--- START ---

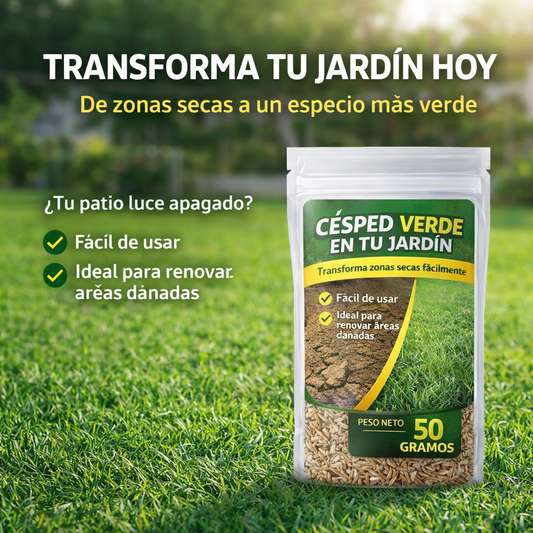 🌱 Semillas de Césped para Jardín 50g – Mejora el Aspecto de tu Patio Fácilmente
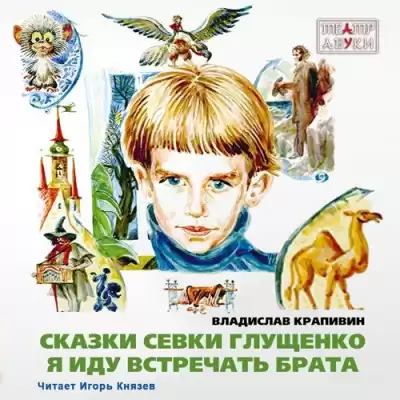 Крапивин Владислав - Я иду встречать брата HubKnigi — Аудиокниги Онлайн | Классика, Детективы, Поэзия и Более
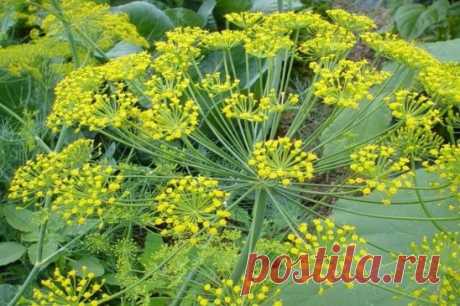 КАК ВЫРАСТИТЬ УКРОП КУСТОМ, А КАК ЗОНТИКОМ!
Укроп бывает разный. Некоторые сорта быстро выдают немного листиков, а затем пускаются в цвет. 
На зелень
Сорта. Салют, Буян, Аллигатор, Дилл, Амазон.
Веточки кустового укропа растут на стебле густо. У них, как у томатов, в пазухах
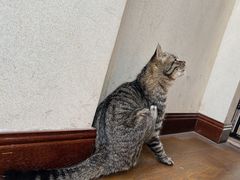 -前叁門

--- END ---

-- What is needed --
Starting at the line that holds "Сорта. Салют, Буян, Аллигатор, Дилл, Амазон.", reproduce each line through the last one of the listing, and nothing more; the pictures stay out.

-- Result of this task --
Сорта. Салют, Буян, Аллигатор, Дилл, Амазон.
Веточки кустового укропа растут на стебле густо. У них, как у томатов, в пазухах
 -前叁門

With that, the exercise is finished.